Depuis déjà quelques semaines, les loot boxes font couler pas mal d’encre. Si de nombreuses personnes n’y voient pas d’inconvénients particuliers, ce n’est pas le cas de certains qui estiment qu’elles se rapprochent beaucoup du système de jeu d’argent et de l’univers du casino. Il s’avère d’ailleurs que les systèmes de classification des jeux du monde entier se penchent de plus en plus sur la question, en sachant que l’Entertainment Software Ratings Board (ESRB) et le Pan European Game information (PEGI) viennent de donner leur avis sur la question. 

Les loot boxes qu’est ce que c’est ?

loot boxesCe sont des coffres que l’on achète contre de l’argent dans les boutiques de jeux en ligne et dont le contenu est aléatoire. Le contenu de ces loot boxes peut être simplement cosmétique ou bien avoir un effet direct sur la progression du jeu. C’est un concept qui est loin d’être récent, depuis longtemps de nombreux free to play l’utilisent. Mais de nos jours, ces loot boxes sont de plus en plus présentes dans les modèles économiques des jeux, même les AAA sont impactés. Nous avons juste à regarder de nombreux exemples récents, que ce soit Overwatch, Destiny 2, Middle-earth :Shadow of War ou plus récemment Star Wars Battlefront II. Des jeux qui font d’ailleurs couler pas mal d’encre sur le sujet.

Et au contraire des microtransactions, les loot boxes ne nous laissent pas choisir ce que l’on achète, l’aspect loterie est donc l’essence même de ces boîtes, puisque pour rentabiliser l’achat il faudrait tomber sur quelque chose que l’on souhaite vraiment. Mais c’est un système qui fonctionne à merveille, une vraie mine d’or pour les éditeurs. L’analyste ZhugeEX a pu par exemple souligner que Activision-Blizzard a récolté la coquette somme de 3,6 milliards de dollars grâce à ce mode de fonctionnement. Pas étonnant que certains studios n’hésitent pas à les inclure dans leurs jeux.

Ce système devient un problème lorsque les loot boxes tendent à prendre une place trop importante dans le game design, avec le risque de transformer le jeu en une sorte de casino poussant à la consommation. Et nous pouvons prendre à nouveau l’exemple de Star Wars Battlefront II qui sort le mois prochain. Si Dice et EA ont promis que pour cet opus il n’y aura pas de DLC ni season pass, ils ont tout de même prévu des boîtes permettant d’accéder à des avantages non négligeables pour les personnes qui mettront la main au porte-monnaie. Autant dire que tous les joueurs n’ont pas tous accueilli la nouvelle de la même façon, certains s’inquiètent de voir le système de progression complètement lié à l’économie des loot boxes, surtout lorsqu’il s’agit d’un jeu à 60 euros.

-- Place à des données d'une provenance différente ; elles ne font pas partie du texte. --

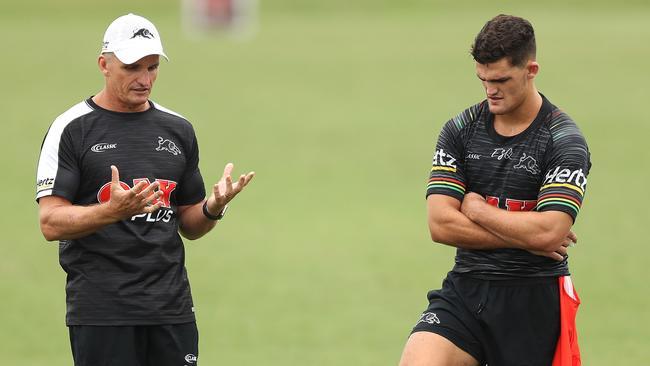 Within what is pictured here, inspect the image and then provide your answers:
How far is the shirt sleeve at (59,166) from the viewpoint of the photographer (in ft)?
23.2

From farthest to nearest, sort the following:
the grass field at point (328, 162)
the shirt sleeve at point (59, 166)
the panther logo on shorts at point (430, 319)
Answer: the grass field at point (328, 162), the panther logo on shorts at point (430, 319), the shirt sleeve at point (59, 166)

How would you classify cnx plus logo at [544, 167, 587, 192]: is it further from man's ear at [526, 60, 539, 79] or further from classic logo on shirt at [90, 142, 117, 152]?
classic logo on shirt at [90, 142, 117, 152]

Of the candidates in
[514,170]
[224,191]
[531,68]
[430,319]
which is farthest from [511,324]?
[224,191]

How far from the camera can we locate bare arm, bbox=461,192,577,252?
7230 millimetres

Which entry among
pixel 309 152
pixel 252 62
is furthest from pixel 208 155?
pixel 252 62

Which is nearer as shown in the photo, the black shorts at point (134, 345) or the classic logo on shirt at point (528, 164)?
the black shorts at point (134, 345)

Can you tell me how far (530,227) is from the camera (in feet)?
23.7

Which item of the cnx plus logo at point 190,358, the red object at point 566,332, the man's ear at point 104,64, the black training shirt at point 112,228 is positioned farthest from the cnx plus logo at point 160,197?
the red object at point 566,332

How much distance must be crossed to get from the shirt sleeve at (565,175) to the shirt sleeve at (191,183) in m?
2.02

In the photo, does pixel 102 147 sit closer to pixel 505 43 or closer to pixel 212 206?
pixel 212 206

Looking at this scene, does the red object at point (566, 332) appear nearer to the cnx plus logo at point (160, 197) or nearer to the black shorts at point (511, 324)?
the black shorts at point (511, 324)

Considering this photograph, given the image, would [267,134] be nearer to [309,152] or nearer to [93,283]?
[309,152]

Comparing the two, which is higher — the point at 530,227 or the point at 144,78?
the point at 144,78

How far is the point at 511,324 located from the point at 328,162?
1520 centimetres
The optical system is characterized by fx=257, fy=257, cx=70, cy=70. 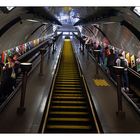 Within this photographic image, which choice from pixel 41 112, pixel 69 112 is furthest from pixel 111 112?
pixel 41 112

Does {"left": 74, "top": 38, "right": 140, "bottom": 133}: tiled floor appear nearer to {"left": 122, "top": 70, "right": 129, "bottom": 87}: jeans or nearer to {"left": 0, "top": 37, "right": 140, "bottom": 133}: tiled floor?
{"left": 0, "top": 37, "right": 140, "bottom": 133}: tiled floor

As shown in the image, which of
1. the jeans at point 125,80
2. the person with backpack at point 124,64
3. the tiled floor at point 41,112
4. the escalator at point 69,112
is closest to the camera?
the tiled floor at point 41,112

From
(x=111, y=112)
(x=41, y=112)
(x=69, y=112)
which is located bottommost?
(x=69, y=112)

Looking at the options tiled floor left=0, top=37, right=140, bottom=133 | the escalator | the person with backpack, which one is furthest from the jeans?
the escalator

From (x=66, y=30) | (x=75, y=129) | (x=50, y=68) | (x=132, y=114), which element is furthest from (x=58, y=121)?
(x=66, y=30)

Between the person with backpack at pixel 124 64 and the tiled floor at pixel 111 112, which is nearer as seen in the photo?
the tiled floor at pixel 111 112

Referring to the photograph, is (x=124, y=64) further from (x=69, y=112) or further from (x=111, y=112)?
(x=111, y=112)

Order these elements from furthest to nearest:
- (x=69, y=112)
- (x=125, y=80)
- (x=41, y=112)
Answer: (x=125, y=80) < (x=69, y=112) < (x=41, y=112)

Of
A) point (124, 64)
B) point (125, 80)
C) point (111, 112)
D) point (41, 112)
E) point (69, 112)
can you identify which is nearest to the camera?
point (41, 112)

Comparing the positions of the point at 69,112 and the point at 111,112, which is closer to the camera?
the point at 111,112

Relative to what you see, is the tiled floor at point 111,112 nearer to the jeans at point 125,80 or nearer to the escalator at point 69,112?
the escalator at point 69,112

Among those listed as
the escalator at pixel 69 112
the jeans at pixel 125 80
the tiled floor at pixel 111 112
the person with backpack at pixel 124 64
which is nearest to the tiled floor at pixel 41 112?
the tiled floor at pixel 111 112

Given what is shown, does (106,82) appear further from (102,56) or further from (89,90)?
(102,56) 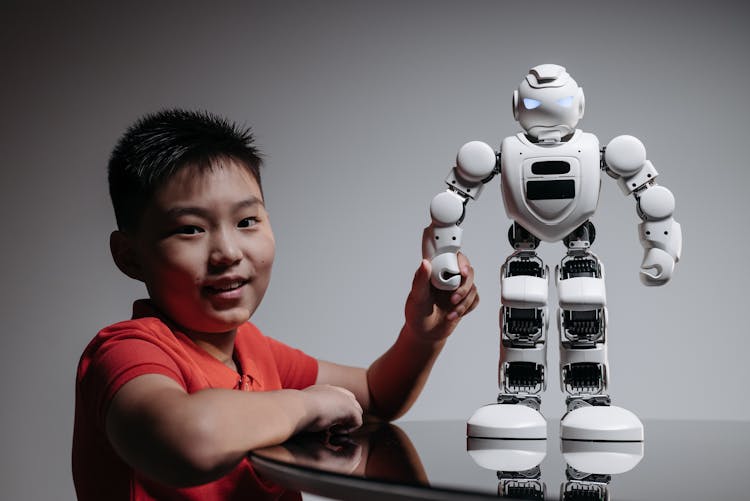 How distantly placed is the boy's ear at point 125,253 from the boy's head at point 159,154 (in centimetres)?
2

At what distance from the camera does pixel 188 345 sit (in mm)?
1186

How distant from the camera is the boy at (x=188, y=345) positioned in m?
0.92

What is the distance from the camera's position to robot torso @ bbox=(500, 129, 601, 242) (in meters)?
1.20

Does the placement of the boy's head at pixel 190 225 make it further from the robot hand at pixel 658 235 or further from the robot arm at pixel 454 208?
the robot hand at pixel 658 235

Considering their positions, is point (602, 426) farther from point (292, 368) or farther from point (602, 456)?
point (292, 368)

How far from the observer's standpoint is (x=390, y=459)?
997 millimetres

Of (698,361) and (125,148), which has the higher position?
(125,148)

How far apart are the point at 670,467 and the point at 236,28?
1.67 m

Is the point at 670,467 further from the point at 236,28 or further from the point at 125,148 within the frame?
the point at 236,28

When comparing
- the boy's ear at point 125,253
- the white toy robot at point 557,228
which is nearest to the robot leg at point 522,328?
the white toy robot at point 557,228

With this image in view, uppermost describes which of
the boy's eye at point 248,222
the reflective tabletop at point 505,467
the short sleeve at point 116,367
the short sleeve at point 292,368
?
the boy's eye at point 248,222

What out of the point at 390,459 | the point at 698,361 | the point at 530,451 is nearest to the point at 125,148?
the point at 390,459

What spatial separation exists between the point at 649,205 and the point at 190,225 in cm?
61

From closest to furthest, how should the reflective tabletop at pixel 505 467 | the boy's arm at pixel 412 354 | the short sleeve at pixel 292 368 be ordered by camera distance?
the reflective tabletop at pixel 505 467 < the boy's arm at pixel 412 354 < the short sleeve at pixel 292 368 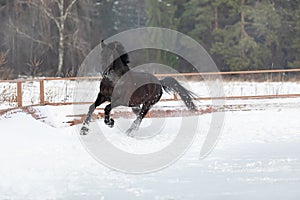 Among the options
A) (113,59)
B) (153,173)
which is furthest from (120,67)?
(153,173)

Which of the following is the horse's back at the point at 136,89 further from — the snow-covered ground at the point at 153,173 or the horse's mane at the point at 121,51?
the snow-covered ground at the point at 153,173

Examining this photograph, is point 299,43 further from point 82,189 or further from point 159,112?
point 82,189

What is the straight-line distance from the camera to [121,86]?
328 inches

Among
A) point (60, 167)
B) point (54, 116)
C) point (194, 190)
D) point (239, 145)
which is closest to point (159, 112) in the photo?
point (54, 116)

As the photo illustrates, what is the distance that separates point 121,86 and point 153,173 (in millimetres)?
2664

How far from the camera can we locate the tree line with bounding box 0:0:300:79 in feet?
87.4

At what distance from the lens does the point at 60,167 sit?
243 inches

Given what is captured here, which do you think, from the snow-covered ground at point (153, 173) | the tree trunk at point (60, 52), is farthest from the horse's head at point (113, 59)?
the tree trunk at point (60, 52)

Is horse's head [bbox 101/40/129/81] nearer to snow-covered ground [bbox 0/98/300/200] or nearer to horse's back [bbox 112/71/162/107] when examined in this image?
horse's back [bbox 112/71/162/107]

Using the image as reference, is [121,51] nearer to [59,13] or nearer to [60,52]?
[60,52]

Devant ce phénomène grandissant se pose tout un tas de questions, notamment des questions juridiques. Il est effectivement intéressant de se demander de quel régime juridique relève leur fonctionnement ?

Pouvons-nous parler de loterie virtuelle ? 

Devant la multiplication de ce phénomène, de nombreuses personnes commencent à s’interroger sur la nécessité de réguler leur utilisation. C’est notamment le cas du youtuber John Bain qui a récemment demandé à l’ESRB de se pencher sur la question. En effet, selon lui, nous avons là, un modèle qui tend à se rapprocher de celui des jeux de hasard et d’argent. Et il est vrai que des similitudes existent. Le joueur mise sur un coffre avec l’espoir d’obtenir le gros lot.

Le Centre de recherche sur les jeux de hasard de l’Université de Colombie-Britannique a été jusqu’à mettre en avant que les processus psychologiques à l’œuvre dans un casino ou devant une loot box sont relativement similaires :

« Classiquement, le joueur œuvre pour une récompense en donnant une série de réponses à divers stimuli, mais les récompenses sont imprévisibles. Or nous savons que le système dopaminergique, qui est notamment ciblé par l’abus de drogues, est aussi très intéressé par les récompenses aléatoires. Les cellules qui gèrent la dopamine sont plus particulièrement actives quand il y a un maximum d’incertitude et le système dopaminergique répond davantage quand la récompense est incertaine que quand la récompense offerte est toujours la même, sur une base prévisible. »

La question ici est donc celle de savoir s’il faut considérer les loot boxes comme un mécanisme relevant du modèle juridique desjeux d’argent et de ce fait qu’elles soient régulées de la même façon. Et c’est une question pour laquelle la réponse est importante puisque selon les critères de classification des jeux, les jeux d’argent sont classés comme des jeux réservés aux adultes uniquement, entraînant tous un tas de conséquences différentes selon les pays.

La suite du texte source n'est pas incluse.